We can state that if \(\sum\limits_{i=k}^\infty a_i\) converges \(\Rightarrow (a_i)_{n\geq k}\) is a null sequence. \(\Leftarrow\) does not hold, see Harmonic series.
Examples
- \(\sum\limits_{i=1}^\infty i = 1+2+3+...\) diverges
- \(\sum\limits_{i=1}^\infty (-1)^i\) diverges, \(s_n = \sum\limits_{i=1}^n(-1)^i = \begin{cases} 0, & \text{if } n \text{ even} \\ -1, & \text{if } n \text{ odd} \end{cases}\)
- Geometric Series: \(\sum\limits_{i=1}^\infty q^i \begin{cases} |q|<1: \text{ converges to }\frac{1}{1-q} \\ |q|\geq 1: \text{ diverges} \end{cases}\)
- Leibnitz-Series: \(\sum\limits_{i=0}^\infty(-1)^i\frac{1}{2i+1}\) converges to \(\frac{\pi}{4}\)
- Alternating Harmonic series: \(\sum\limits_{i=0}^\infty(-1)^i\frac{1}{i+1}\) converges to \(\ln 2\)
- \(\sum\limits_{i=1}^\infty\frac{1}{2^i}\)
converges to \(1\) since
Euler Product
\[\sum\limits_{i=1}^\infty \frac{1}{i^x} = \prod\limits_p\frac{1}{1 - p^x}\]
The Euler Product relates natural numbers to prime numbers. The equation is true for any \(x>1\). On the left hand side the sum is also called the Riemann zeta function:
\[\zeta(x) = \sum\limits_{i=1}^\infty \frac{1}{i^x}\]
Harmonic series
\[\sum\limits_{i=1}^\infty\frac{1}{i}=\infty\]
The Harmonic series diverges, because new packages that are \(\geq\frac{1}{2}\) can always be put together:
\[\begin{array}{rl} &= 1+\underbrace{\frac{1}{2}+\frac{1}{3}}_{>\frac{1}{2}}+\underbrace{\frac{1}{5}+\frac{1}{6}+\frac{1}{7}+\frac{1}{8}}_{>\frac{1}{2}}+...+\frac{1}{n}\\&<1+\frac{1}{2}+\frac{1}{2}+\frac{1}{2}+...\end{array}\]

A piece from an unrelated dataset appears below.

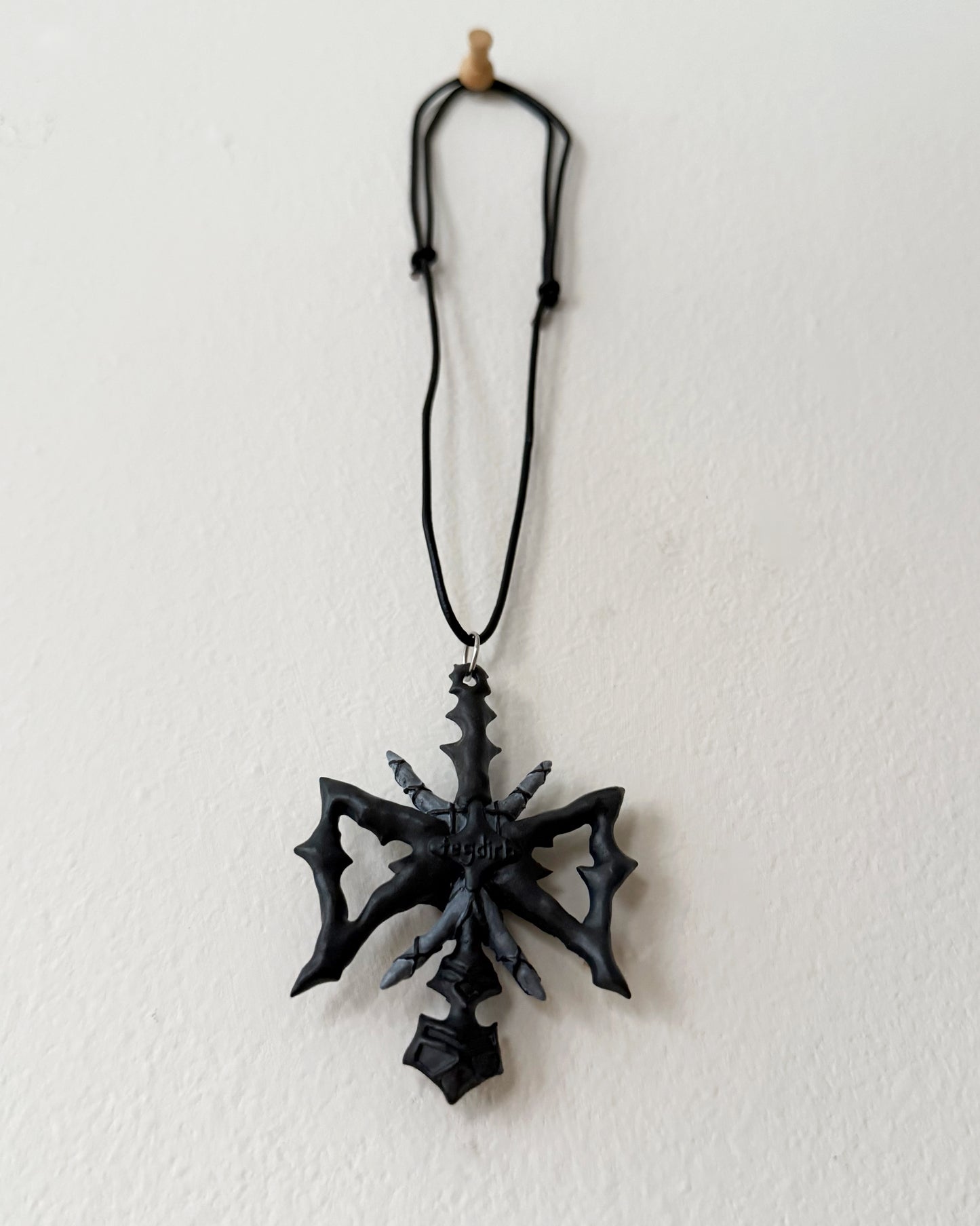 spikey bow drop necklace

The Harmonic series is also \(\zeta(1) = \sum\limits_{i=1}^\infty\frac{1}{i^1} = \infty\), which isn’t defined.
Basler Problem
\[\sum\limits_{i=1}^\infty\frac{1}{i^2}=\frac{\pi^2}{6}\]
Euler proofed that the General Harmonic Series, called Basler Problem converges:
\[1+\frac{1}{4}+\frac{1}{9}+\frac{1}{16}+\dots = \frac{\pi^2}{6}\]

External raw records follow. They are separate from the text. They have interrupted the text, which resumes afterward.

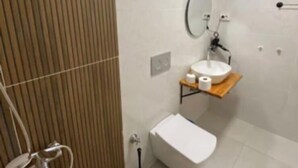 A modern bathroom with a wooden panel wall, a white sink with a mirror, a toilet, and a shower area. - Marmaris apartment with pool (Armutalan)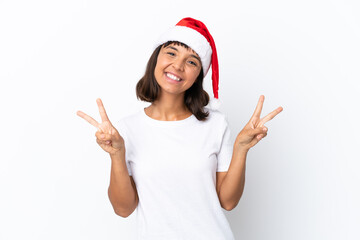 Obraz na płótnie Canvas Young mixed race woman celebrating Christmas isolated on white background showing victory sign with both hands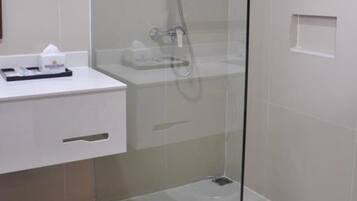 Un baño moderno con ducha de vidrio, lavamanos blanco y un cubo de basura.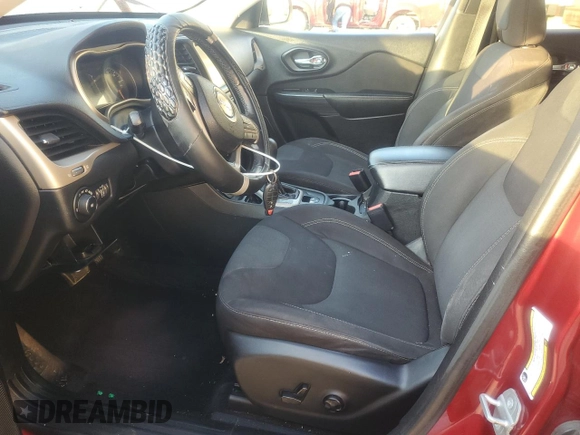 2016 Jeep Cherokee Latitude with VIN 1C4PJLCBXGW221848, listed as a Copart auction lot 51090945 with 216,945 mi miles and Salvage title. Bid and sale history available at DreamBid. Image 7.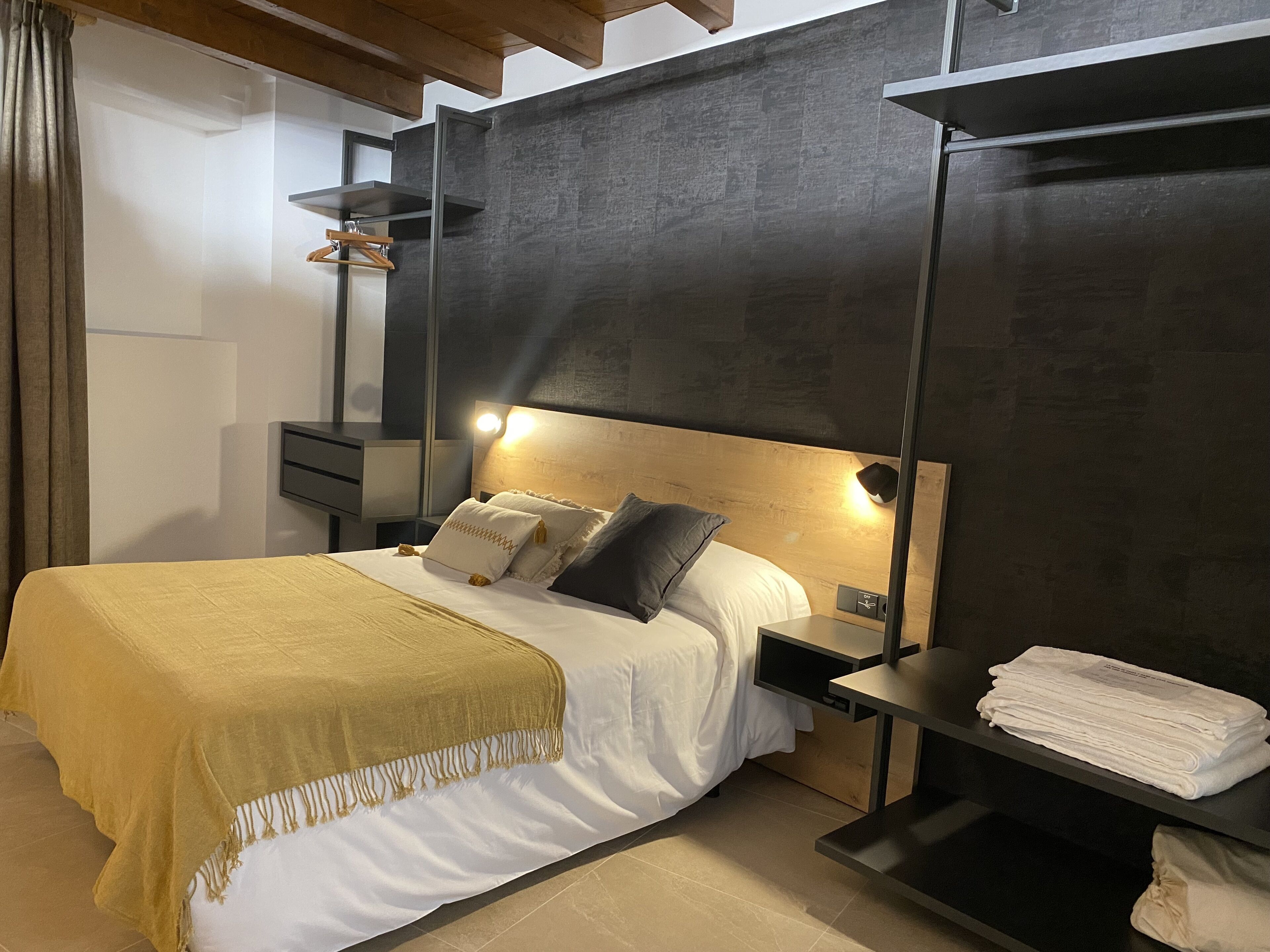 Una camera da letto moderna con un letto, comodini, una lampada a sospensione e uno scaffale con asciugamani piegati.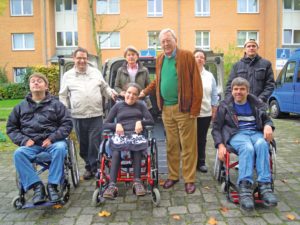 Eine Gruppe Behinderter und Nichtbehinderter Menschen vor dem PKW mit behindertengerechten Umbau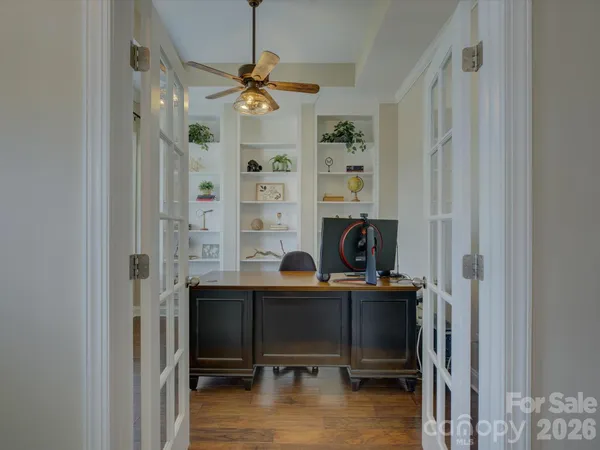 a view of a workspace with furniture and a window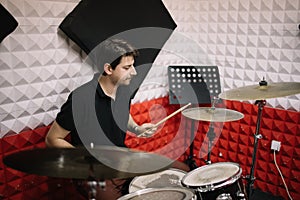 Musician playing drum kit in music studio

The Basler Problem is also \(\zeta(2) = \sum\limits_{i=1}^\infty\frac{1}{i^2}\).
General Harmonic Series
\[\sum\limits_{i=1}^\infty\frac{1}{i^x}\]
The General Harmonic Series converges \(\forall x>1\), which means that \(\zeta(x)\) converges \(\forall x>1\).
The finite general Harmonic Series is defined as
\[H_i^k = \sum\limits_{i=1}^n\frac{1}{i^k}\]
Convergence / Divergence criteria
Divergence criterion
The necessary but not sufficient criterion for convergence of a series \((a_n)_{n\geq k}\) is \(\lim\limits_{n\to\infty}a_n = 0\)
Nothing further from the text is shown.